[[ Stored data, beginning ]]

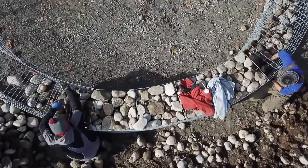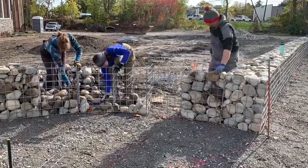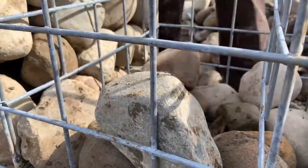Historically, Gabion walls were used to fortify the banks of the Nile, and in medieval times for military fortresses, and even Leonardo da Vinci used them for the San Marco Castle in Milan.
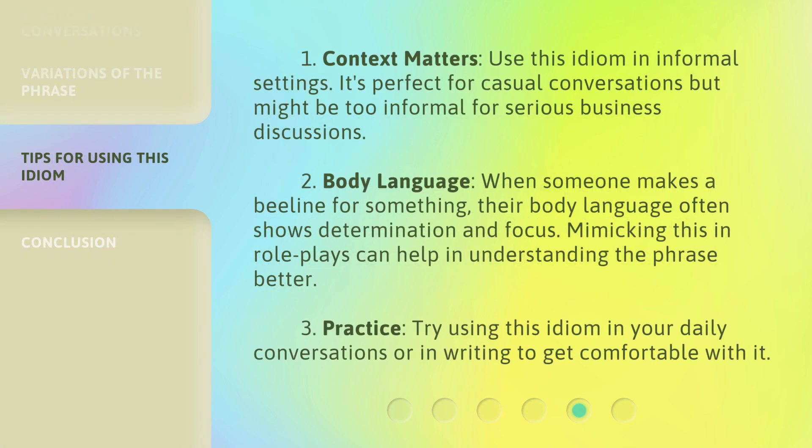Here are some tips for using this idiom. First, context matters — use this idiom in informal settings. It's perfect for casual conversations but might be too informal for serious business discussions. Second, body language: when someone makes a beeline for something, their body language often shows determination and focus; mimicking this in role plays can help in understanding the phrase better. Third, practice: try using this idiom in your daily conversations or in writing to get comfortable with it.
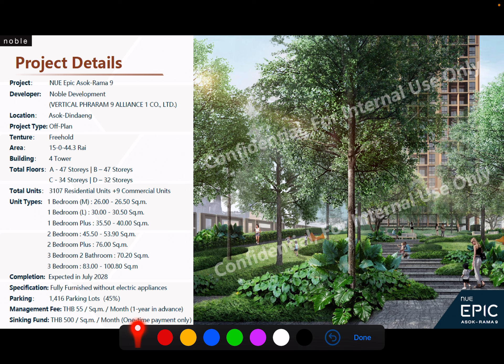Expected completion is 2028, about four years from now — District R9 will complete in about one more year, and then this project will follow. It will come fully furnished with a furniture package but without electrical appliances. Parking is 45 percent. There is a standard management fee per square meter and a sinking fund.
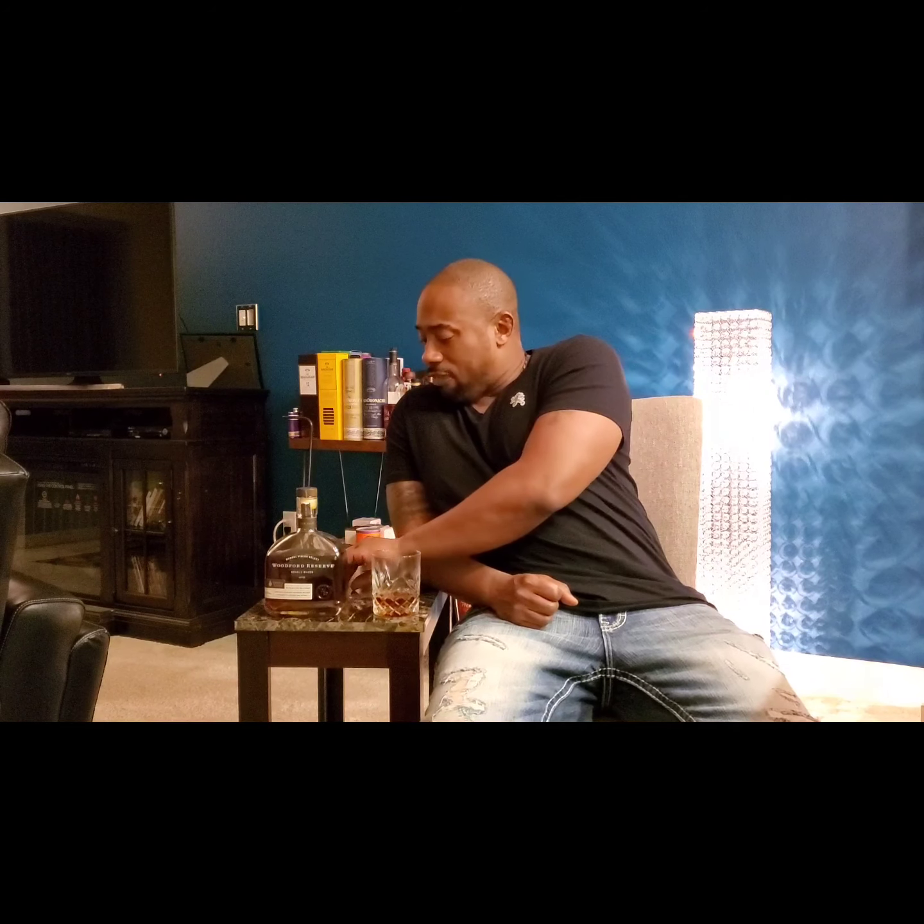This is my very first bottle of the Double Oak. It was actually a gift from one of my co-workers, Maldo — he hit me with this. Since my last name is Woodford, in the back of my mind I'm thinking there might be some family members who are in the ownership of this brand.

[[ Stored data, end ]]

### Requirement
The reply must consist of the complete listing, reproduced exactly, with no images.

### Exercise output
Historically, Gabion walls were used to fortify the banks of the Nile, and in medieval times for military fortresses, and even Leonardo da Vinci used them for the San Marco Castle in Milan.
Here are some tips for using this idiom. First, context matters — use this idiom in informal settings. It's perfect for casual conversations but might be too informal for serious business discussions. Second, body language: when someone makes a beeline for something, their body language often shows determination and focus; mimicking this in role plays can help in understanding the phrase better. Third, practice: try using this idiom in your daily conversations or in writing to get comfortable with it.
Expected completion is 2028, about four years from now — District R9 will complete in about one more year, and then this project will follow. It will come fully furnished with a furniture package but without electrical appliances. Parking is 45 percent. There is a standard management fee per square meter and a sinking fund.
This is my very first bottle of the Double Oak. It was actually a gift from one of my co-workers, Maldo — he hit me with this. Since my last name is Woodford, in the back of my mind I'm thinking there might be some family members who are in the ownership of this brand.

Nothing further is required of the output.